The median income in the United States has declined over the past several years, real net wages have been stagnant since the mid-’70s, a recent report showed that the majority of the jobs that have been created since the Great Recession are low paying ones, and our own analysis of BLS projections revealed that bulk of the jobs that will be created in the next 10 years are low paying ones. These are indicators that the economic circumstances for future seniors could be significantly worse than they are for today’s who matured during America’s golden age and economic boom times. As a result, many of those seniors could be much less self-sufficient than those of today and struggling to make ends meet. They won’t be able to afford being saddled personally with an additional dose of Medicare debt.
Our concern with how this Medicare debate has been playing out — to this point at least — is that it is evolving into what could be characterized as “generational class warfare.” It is becoming a game of we’ve got ours. You get yours.
And make no mistake, the senior generational “advantage” gap is widening. As David Leonhardt of the New York Times describes it in his June 24 article, younger Americans “are at a significant disadvantage with the older demographic” on three critical measures: change in net worth from 1992 to 2010; change in income from 1990 to 2010; and, share of entitlements — Americans over 65 receive only 13 percent of social security payments but receive 77 percent of all entitlements.
On the one hand, it seems a perfectly reasonable policy decision to develop a plan that “holds harmless” or “carves out” current Medicare recipients so that there is no retroactive reduction of benefits or insufficient time for them to plan and deal with changes to the system. On the other, it also seems like a pretty good political decision to have a plan that protects seniors who vote disproportionally much higher than younger voters and who would be most resistant to change and won’t rally against anything as long as it does not appear to impact them directly.
This could be especially true if seniors are a core constituency for your party as they were for the Republicans in 2008 when they voted 53 percent for McCain vs. 45 percent for Obama. And, as seniors appear to be in 2012 based upon some of the most recent polls, as evidenced in an August 31 video posted by Scott Rasmussen of Rasmussen Reports to his website that shows Romney with 58 percent and Obama with 37 percent of the likely senior vote.
We are at a juncture in American history when we desperately need bipartisan policy and politics — especially on an issue as important to America’s and Americans’ future as Medicare. In spite of party line differences, we firmly believe that if more of today’s seniors understood what the Ryan Plan could have meant to them and their quality of life rather than in the abstract of what it might mean to others in the future, they would have a different perspective on what should be done to “save” Medicare. They could be motivated to some form of shared sacrifice to protect and strengthen Medicare for future generations such as transferring “some of their governmental benefits to children as Ezekiel Emanuel suggests in his June 24 New York Times article, “Share the Wealth.”

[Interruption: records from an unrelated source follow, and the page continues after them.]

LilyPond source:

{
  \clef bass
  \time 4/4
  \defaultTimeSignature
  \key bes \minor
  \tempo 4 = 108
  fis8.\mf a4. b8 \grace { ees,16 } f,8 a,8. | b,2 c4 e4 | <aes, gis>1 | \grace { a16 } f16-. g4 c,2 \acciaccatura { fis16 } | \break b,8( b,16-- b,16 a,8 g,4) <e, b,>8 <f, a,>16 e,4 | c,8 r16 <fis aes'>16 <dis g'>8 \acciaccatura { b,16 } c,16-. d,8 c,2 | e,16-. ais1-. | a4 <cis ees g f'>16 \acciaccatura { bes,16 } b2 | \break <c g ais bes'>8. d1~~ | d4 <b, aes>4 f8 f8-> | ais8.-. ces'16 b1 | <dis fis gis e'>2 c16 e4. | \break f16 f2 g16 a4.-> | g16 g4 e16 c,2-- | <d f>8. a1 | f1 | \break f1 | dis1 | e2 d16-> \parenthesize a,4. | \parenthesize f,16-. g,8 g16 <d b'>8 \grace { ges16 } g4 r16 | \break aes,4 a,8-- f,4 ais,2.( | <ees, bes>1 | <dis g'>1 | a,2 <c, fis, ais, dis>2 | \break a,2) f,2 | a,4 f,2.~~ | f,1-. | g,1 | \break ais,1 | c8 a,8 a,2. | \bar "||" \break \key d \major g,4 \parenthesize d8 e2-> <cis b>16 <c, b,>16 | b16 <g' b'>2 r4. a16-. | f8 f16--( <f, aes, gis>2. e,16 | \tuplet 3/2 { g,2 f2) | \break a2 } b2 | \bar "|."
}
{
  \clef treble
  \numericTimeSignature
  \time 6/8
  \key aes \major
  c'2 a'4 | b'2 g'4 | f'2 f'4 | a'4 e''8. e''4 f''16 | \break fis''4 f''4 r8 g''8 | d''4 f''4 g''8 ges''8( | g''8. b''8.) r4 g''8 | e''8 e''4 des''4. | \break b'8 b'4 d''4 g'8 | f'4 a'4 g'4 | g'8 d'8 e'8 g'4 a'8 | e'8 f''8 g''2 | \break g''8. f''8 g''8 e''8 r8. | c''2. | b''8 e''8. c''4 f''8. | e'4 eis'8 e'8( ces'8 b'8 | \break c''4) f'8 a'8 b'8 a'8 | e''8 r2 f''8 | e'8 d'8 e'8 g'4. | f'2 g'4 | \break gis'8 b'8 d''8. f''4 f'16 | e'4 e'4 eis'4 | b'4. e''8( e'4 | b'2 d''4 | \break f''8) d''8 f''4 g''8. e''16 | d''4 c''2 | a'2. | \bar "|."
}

That’s our opinion. We know that good Republicans will continue to support Republican positions and good Democrats will continue to support Democratic positions. We are confident that good citizens will be willing to put the country’s interests first and advocate for and demand a pragmatic and collaborative solution to our Medicare dilemma.
We’re not certain where the people who live in The Villages or where the Village People would stand on this. We do know that only the village idiot would think that we shouldn’t come together to craft an approach that protects and strengthens a Medicare system of the type that was promised to Paul Ryan’s mother.